Cuba introduces sweeping reforms under US pressure
Translated from Turkish, summarized and contextualized by DistantNews.
At a glance
- Cuba's Prime Minister Manuel Marrero Cruz presented a package of extensive reforms to lawmakers, supported by the Communist Party and former leader Raúl Castro.
- The proposed measures aim to privatize large parts of the socialist economy to withstand U.S. sanctions.
- Key reforms include allowing private real estate development, converting state enterprises into private companies, and establishing private banks.
Cuba is embarking on a significant wave of reforms aimed at privatizing key sectors of its socialist economy, a move driven by the pressure of U.S. sanctions. Prime Minister Manuel Marrero Cruz presented the extensive reform package to lawmakers, securing the backing of the Communist Party and former leader Raúl Castro.
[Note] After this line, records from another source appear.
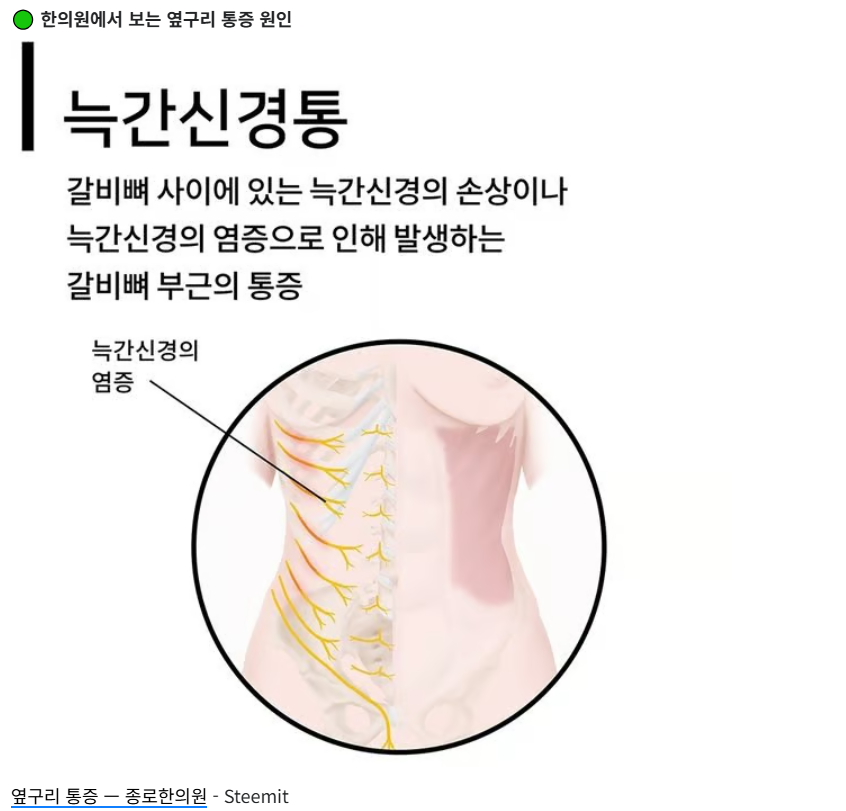 왼쪽 오른쪽 옆구리 통증 원인 5가지와 찌릿한 증상별 대처법 총정리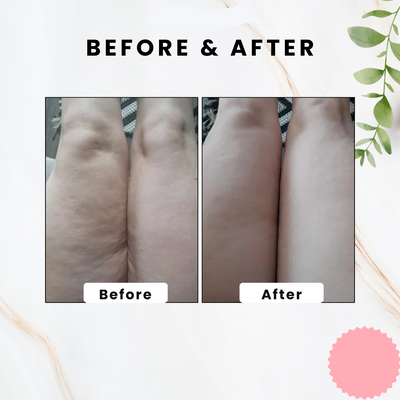 BodySculpt Stone - Visibly Smoother Skin in Weeks - 50% OFF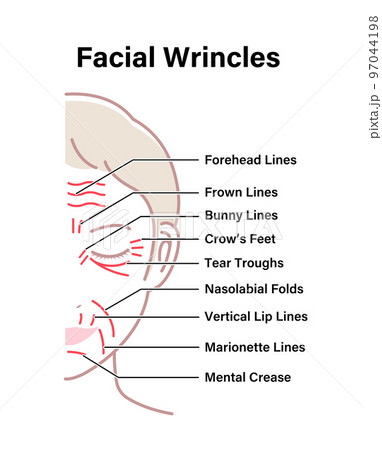 女性の顔のしわ ( 発生場所と名称 ) ベクターイラスト / 英語 97044198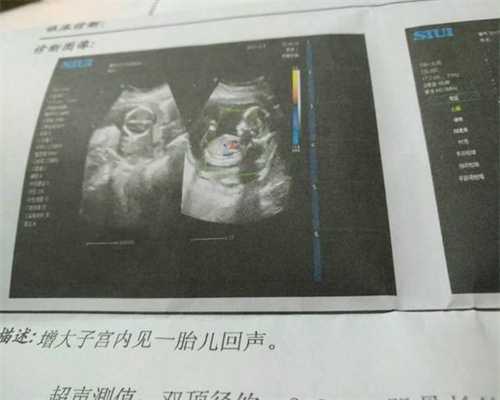 上海代孕总费用_正确避孕，拒绝“被当妈”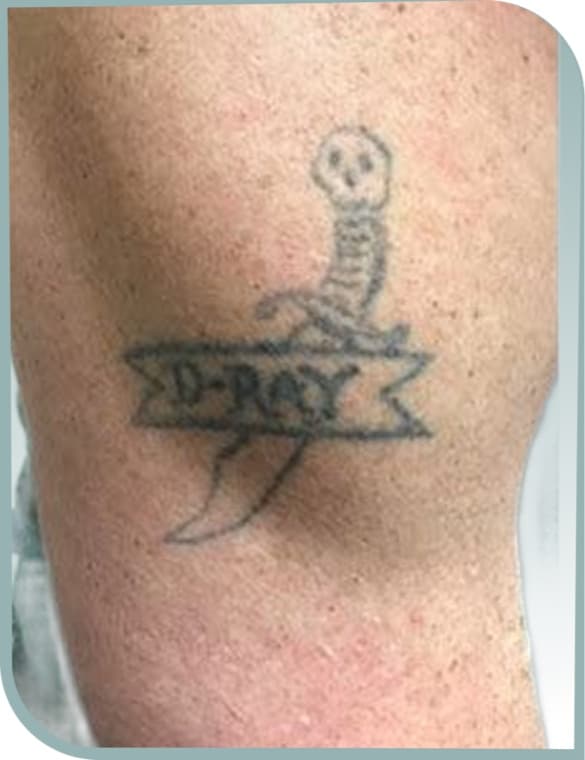 Knee tattoo fading, Before photo (result 8 of 10)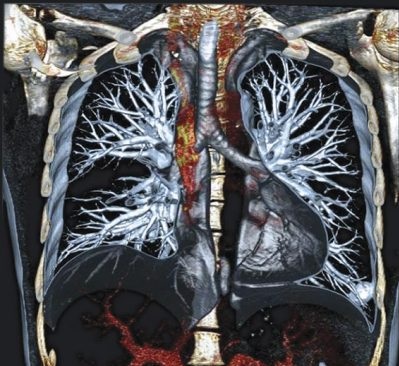 CT a toracelui care arată cum se face, pregătirea pentru tomografie computerizată
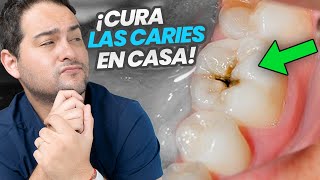 LA VERDAD SOBRE LA CARIES DENTAL ¿Como curarla en casa [upl. by Astrix486]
The proposed measures are designed to bolster the island nation's resilience against stringent American sanctions. Central to the reform agenda is the opening up of the Caribbean nation's real estate sector to private development. This marks a notable shift from the state-controlled model that has long defined Cuba's economic landscape.
Further changes include the transformation of state-owned enterprises into private commercial companies with shareholding structures. Additionally, the reforms will permit the establishment of private banks, introducing competition into a financial sector that has historically been under state control. These proposals are expected to be put to a vote in the National Assembly.
The Cuban government's push for privatization signals a strategic effort to adapt its economic model in the face of ongoing external pressures. The reforms aim to inject new capital and efficiency into sectors previously managed exclusively by the state, potentially improving economic performance and stability.